Flash forward to 2016, and Winkler is now addressing 2,000 people at Sydney Opera House in the first talk of the day at TEDxSydney – as an active campaigner against orphanages. 

“I want to end the unnecessary institutionalisation of vulnerable children around the world,” she tells us, moments after giving a thoroughly researched and deeply moving account of her discovery that the orphanage where she’d volunteered was corrupt; children were physically and sexually abused; and, due to funds being embezzled, they were catching mice in order to feed themselves. 

“I never suspected how sinister things were,” says Winkler, recalling how she felt when she first heard these stories. “The thought of going home and knowing they were stuck in that orphanage was too much to bear.”

In her TEDxSydney talk, Winkler explains that once she learned of this corruption she decided to open her own orphanage, rescuing 14 children from the one she visited in 2006. But that’s not where the story ends. After opening the orphanage and learning to speak Khmer, she discovered that many of the children were not orphans at all. They all had families. 

Now aged 30 and living full time in Cambodia, Winkler admits that she’d made a big mistake – one in which we’re all complicit. Donating time and money to orphanages around the world has unwittingly fuelled a boom in institutionalised care and a tourism that exploits children. Eight million children live in orphanages around the world, and 80 per cent of those children are not orphans in the traditional sense.

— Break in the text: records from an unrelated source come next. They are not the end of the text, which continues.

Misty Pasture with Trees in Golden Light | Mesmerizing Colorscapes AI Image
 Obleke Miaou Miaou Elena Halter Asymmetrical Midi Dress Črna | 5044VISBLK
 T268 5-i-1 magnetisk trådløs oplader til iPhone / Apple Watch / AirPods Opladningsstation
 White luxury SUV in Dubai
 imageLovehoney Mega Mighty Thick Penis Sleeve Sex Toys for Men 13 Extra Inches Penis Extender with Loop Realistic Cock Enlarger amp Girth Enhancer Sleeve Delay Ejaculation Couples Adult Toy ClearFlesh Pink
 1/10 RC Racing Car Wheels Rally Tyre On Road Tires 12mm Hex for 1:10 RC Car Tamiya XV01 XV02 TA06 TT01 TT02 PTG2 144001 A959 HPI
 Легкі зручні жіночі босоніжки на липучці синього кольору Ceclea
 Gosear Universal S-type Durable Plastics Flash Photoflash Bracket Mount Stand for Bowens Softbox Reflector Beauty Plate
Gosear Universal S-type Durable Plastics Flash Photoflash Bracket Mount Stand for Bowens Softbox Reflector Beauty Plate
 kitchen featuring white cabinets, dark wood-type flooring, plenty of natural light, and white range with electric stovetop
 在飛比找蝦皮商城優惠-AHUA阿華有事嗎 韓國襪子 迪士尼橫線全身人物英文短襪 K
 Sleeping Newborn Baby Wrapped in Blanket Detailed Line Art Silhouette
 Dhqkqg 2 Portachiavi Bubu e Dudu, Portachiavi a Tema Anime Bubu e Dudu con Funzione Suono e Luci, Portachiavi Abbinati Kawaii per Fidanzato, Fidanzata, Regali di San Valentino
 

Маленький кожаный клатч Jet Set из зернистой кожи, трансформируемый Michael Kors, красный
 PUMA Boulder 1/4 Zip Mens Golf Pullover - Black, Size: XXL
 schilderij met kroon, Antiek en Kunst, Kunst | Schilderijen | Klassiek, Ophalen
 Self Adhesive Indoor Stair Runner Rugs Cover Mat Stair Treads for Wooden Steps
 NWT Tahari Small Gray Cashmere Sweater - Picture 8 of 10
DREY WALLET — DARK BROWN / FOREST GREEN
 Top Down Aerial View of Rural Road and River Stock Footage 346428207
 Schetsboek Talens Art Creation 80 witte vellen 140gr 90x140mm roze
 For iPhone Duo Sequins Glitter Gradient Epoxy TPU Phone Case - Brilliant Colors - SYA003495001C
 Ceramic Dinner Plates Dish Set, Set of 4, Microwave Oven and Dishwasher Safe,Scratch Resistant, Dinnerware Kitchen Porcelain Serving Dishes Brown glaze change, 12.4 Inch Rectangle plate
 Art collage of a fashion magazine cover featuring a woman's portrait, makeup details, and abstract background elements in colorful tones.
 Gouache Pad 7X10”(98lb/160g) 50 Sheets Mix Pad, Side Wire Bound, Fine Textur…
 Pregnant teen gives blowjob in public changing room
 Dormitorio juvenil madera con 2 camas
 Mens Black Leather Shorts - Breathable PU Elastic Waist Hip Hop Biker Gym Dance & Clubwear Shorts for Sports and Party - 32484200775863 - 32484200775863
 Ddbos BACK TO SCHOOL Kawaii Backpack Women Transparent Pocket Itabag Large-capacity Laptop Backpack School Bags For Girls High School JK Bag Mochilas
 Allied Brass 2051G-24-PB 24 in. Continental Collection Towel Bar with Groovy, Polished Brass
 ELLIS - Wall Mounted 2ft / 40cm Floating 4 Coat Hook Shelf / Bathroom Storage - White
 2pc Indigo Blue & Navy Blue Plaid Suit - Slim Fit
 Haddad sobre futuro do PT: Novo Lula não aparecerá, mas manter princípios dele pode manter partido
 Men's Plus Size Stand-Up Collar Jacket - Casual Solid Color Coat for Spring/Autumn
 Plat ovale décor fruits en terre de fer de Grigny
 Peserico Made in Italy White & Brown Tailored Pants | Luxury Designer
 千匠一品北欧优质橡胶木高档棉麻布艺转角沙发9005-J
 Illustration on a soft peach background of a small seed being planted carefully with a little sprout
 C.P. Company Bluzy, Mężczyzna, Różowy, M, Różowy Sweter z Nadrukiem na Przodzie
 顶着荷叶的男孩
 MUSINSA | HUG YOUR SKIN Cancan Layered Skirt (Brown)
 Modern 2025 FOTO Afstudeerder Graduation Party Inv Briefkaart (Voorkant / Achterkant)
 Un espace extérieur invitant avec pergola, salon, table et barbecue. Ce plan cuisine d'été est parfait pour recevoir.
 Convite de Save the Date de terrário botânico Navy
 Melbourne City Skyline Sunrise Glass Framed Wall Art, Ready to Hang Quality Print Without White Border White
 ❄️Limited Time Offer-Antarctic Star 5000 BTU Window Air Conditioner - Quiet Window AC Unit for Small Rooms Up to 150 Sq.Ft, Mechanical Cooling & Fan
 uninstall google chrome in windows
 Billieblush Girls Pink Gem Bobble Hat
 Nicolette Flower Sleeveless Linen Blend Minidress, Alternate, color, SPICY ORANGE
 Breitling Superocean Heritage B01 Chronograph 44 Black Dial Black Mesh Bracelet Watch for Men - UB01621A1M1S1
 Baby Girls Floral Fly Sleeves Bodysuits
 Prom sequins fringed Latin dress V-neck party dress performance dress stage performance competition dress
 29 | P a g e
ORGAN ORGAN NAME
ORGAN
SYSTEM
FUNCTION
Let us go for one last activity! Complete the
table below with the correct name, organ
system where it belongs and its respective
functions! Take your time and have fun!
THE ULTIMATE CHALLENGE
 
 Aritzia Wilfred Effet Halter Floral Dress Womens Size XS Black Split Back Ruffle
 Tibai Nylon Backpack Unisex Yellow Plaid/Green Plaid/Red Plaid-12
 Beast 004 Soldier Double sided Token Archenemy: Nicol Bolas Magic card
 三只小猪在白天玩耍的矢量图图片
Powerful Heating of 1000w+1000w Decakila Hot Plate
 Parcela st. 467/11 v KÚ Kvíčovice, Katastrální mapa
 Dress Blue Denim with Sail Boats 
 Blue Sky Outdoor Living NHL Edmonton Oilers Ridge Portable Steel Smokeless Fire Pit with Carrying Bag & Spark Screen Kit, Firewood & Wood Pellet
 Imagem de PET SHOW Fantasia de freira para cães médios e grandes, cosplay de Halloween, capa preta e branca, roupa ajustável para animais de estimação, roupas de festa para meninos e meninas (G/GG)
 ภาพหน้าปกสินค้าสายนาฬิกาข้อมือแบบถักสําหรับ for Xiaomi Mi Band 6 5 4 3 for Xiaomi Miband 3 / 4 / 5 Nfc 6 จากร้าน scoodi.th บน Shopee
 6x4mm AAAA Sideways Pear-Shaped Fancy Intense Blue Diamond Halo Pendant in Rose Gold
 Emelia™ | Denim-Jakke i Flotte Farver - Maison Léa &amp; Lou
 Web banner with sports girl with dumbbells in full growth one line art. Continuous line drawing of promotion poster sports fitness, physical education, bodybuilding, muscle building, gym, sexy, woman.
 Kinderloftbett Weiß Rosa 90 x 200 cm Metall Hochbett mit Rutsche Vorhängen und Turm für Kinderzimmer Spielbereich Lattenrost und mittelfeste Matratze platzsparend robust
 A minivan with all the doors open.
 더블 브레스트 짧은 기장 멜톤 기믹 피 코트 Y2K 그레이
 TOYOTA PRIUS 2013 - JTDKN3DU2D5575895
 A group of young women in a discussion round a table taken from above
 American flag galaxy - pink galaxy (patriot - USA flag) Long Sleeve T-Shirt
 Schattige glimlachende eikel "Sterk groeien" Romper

Winkler turned her orphanage into the Cambodian Children’s Trust that works with foster carers – family-based care over institutional care.

Audience at TEDxSydney 2016

Audience at TEDxSydney 2016Photograph: Gary Compton

 

“When we know better then we have to do better. I’m not standing here criticising or preaching, a lot of people have made these mistakes,” she says. Tara Winkler has since been awarded the NSW Young Australian of the Year in recognition of her work with CCT. She’s also written a book called How (Not) to Start an Orphanage, published last month.

“Writing the book makes it easier to stand on stage and acknowledge all the mistakes I’ve made, but being aware of the fact that I may have caused some harm to those kids is an extremely difficult pill to swallow. On the other hand, I am aware that my story and my lessons are, hopefully, a powerful vehicle to change attitudes around the world and solve this problem.

“The solution is not more toys and blankets, it’s no more institutions.” 

Winkler now has a staff of 100 in Cambodia. The Cambodian Children’s Trust first establishes foster homes for children who would otherwise be in orphanages. Carers are not paid for their service, but CCT covers the costs of the children’s expenses. “They are real parents to these kids,” says Winkler. They then work to connect the children back to their families. 

“We don’t push them, ever,” says Winkler. “Whenever they’re ready, and if they want to, they move back home. But we run community youth centres so the whole family [can] still access vital services.”

The next step for Winkler is spreading the word. “I am dedicated to seeing an end to millions of children being institutionalised because of our ‘good intentions’. When people hear of that figure, that eight million children are being separated from families, they ask, how can this be happening? The answer is simple: because who is easier to silence than a child?”